What are the Interest Rates?
Everything is business. They will lend you money and they’ll get profit from the interest rate they will top up from you borrowed amount. Regardless of the type of loan and amount, you should always pay attention to ensure you’re not being played on. You might end up paying the interest alone and not the exact money you have borrowed from the very start.
Most financial institutions have a series of hidden fees included in the rate they kept waving off from your application, and may includes the following:
- Origination fees
- Appraisal fees
- Underwriting fees
- Administration fees
- Credit report fees
- Processing fees
Sometimes the fees listed above are not the exact reason why your interest will increase, but they might act as another luggage to your monthly payments aside from the money you borrowed. If this is the case, you better choose another loan with a higher interest rate instead of paying monthly fees that don’t help you at all.

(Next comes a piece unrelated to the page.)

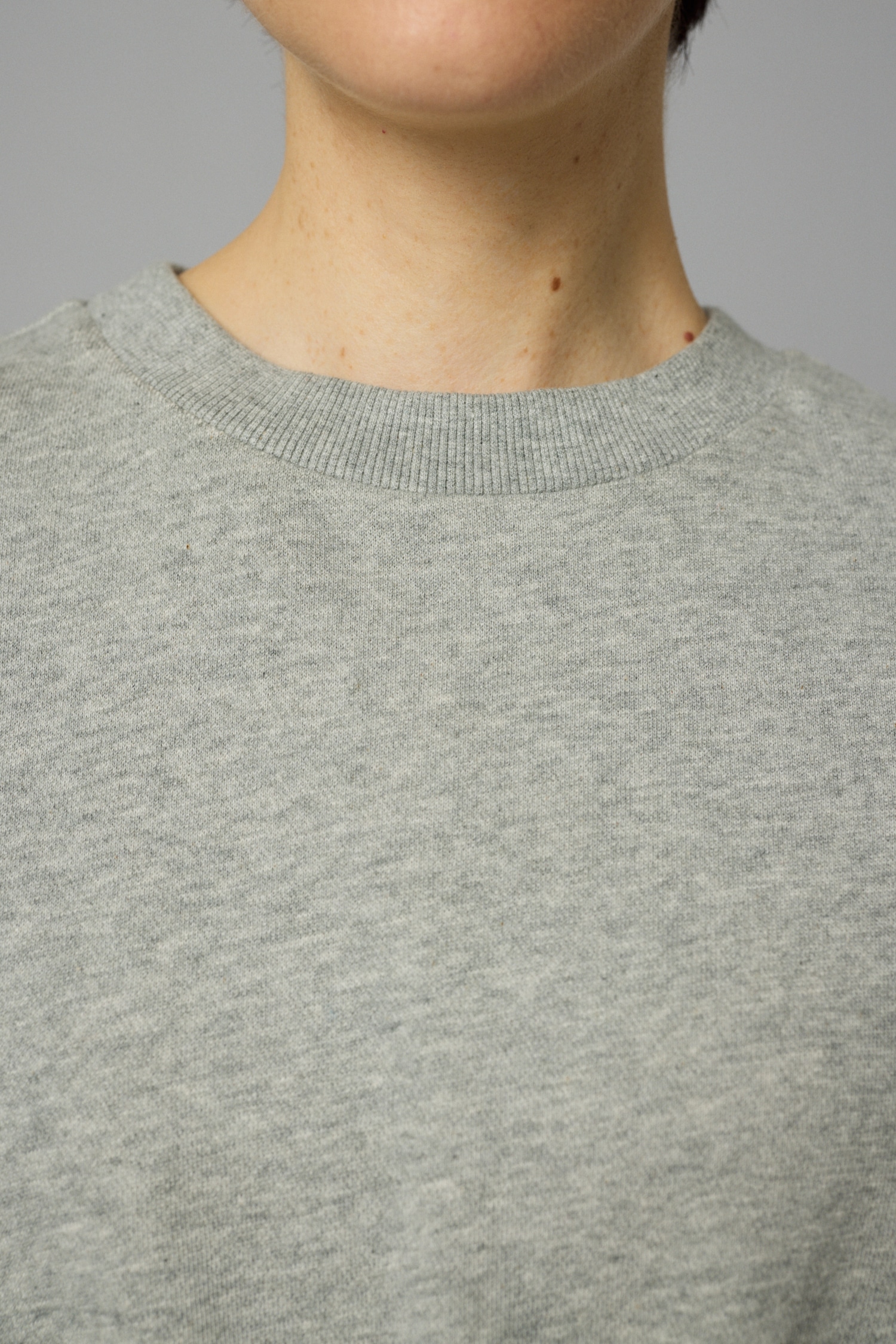 Box cut vest GRY FREE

Know the Difference between Need and Greed
People apply for an instant loan for various purposes, for instance where sometimes one’s life is at stake. But reasons should not include applying for a loan “just because”.
Borrowing money today is so simple, but are you aware of the risks? Instant loans are very specific in helping individuals with their expenses. When you take out a loan, remember the purpose matters and if you’re taking this for granted, you could end up in a lot of trouble with debt in the long run.
Qualifying for a personal loan feels great especially if you really need the money.
Furthermore, consideration of taking out a loan in a respective and reasonable manner is a must. Start by practicing good credit habits to ensure your financial success and not just with the goal of getting approved for a loan. Besides, the better score and history you have, the lower interest rate you will be given.
I love how you stated that you first have to know the difference between need and greed before taking out a personal loan. Personal loans have a much higher interest because it is an unsecured loan which means you don’t have anything to put up as collateral for the lender to take away, just in case you cannot pay them back. For a home loan or home equity line, the collateral is your home which means if you don’t pay the lender back, they will foreclose on the home and turn around to sell it someone else and possibly also tax you on the remainder of what you owe as income.
Since personal loans are higher risk to lenders, they are usually looking for a much higher fico score before they are willing to lend. This is just to make sure you’ve had no problems paying your bills in the past, which is a fairly good predictor of whether or not you will pay them in the future. Of course there might always be extenuating circumstances such as losing your job which may affect how timely you can pay the loan back. Paying off any overdue bills is certainly a great starting point to improving your credit score.
I’m personally not a fan of personal loans to begin with. Like you said, the interest rates are high and overall, they’re really not worth it. Although sometimes, they do come in handy, I do believe it’s best to avoid them unless you really *need* one.